Originally an offshoot of the radical Sons of Liberty faction in the American colonies and the early United States, the Society of St Tammany has among the most complicated and checkered careers of any American society. Its story began in Annapolis, Maryland in 1773, when the local chapter of the Sons of Liberty renamed itself the Society of St Tamina or Tammany after Tamanend, a Native American elder of the Delaware nation during the colonial period, who had earned the respect of the white immigrants as well as that of his own people. His role as patron saint of the Society was a deliberate provocation aimed at Maryland’s Roman Catholic upper class, which named most of its social clubs and institutions after European Catholic saints. See Roman Catholic Church; Sons of Liberty.

In the aftermath of the American Revolution, several other Sons of Liberty chapters took the same name, including the chapter in New York City. Most members of the Sons of Liberty ended up changing their allegiance to the Society of Red Men after that organization was founded in 1816, and much of the political wing of the Society of St Tammany was drawn off into the Know-Nothing Party in the 1850s, but the New York City chapter of the older Society remained in existence. During the early decades of the nineteenth century it affiliated with the Democratic Party and became increasingly important in New York City politics. By the second half of the century Tammany Hall had become the unofficial government of the city, under the leadership of the fabulously corrupt William Marcy “Boss” Tweed (1823–78), the most notorious figure in an age of city “machine” politics. See Improved Order of Red Men; Know-Nothing Party.

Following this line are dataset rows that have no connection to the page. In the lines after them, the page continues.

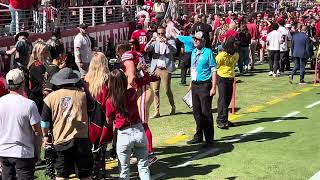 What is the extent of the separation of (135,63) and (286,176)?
2749 mm

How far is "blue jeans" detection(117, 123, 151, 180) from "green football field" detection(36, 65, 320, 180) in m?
1.38

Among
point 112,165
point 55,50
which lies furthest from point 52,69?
point 112,165

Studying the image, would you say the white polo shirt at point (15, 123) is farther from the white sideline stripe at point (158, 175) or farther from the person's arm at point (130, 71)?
the white sideline stripe at point (158, 175)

The great age of political reform in the early twentieth century rooted out some of the corruption from Tammany Hall but did little to reduce its influence over city government. The social and ethnic changes that transformed most of the cities of America’s east coast during the middle of the century, however, undercut the Society’s power, and New York City’s near-bankruptcy in the 1970s destroyed what was left. Tammany Hall still exists as a private association made up mostly of New York City’s old wealth, but its days of significant influence are long past.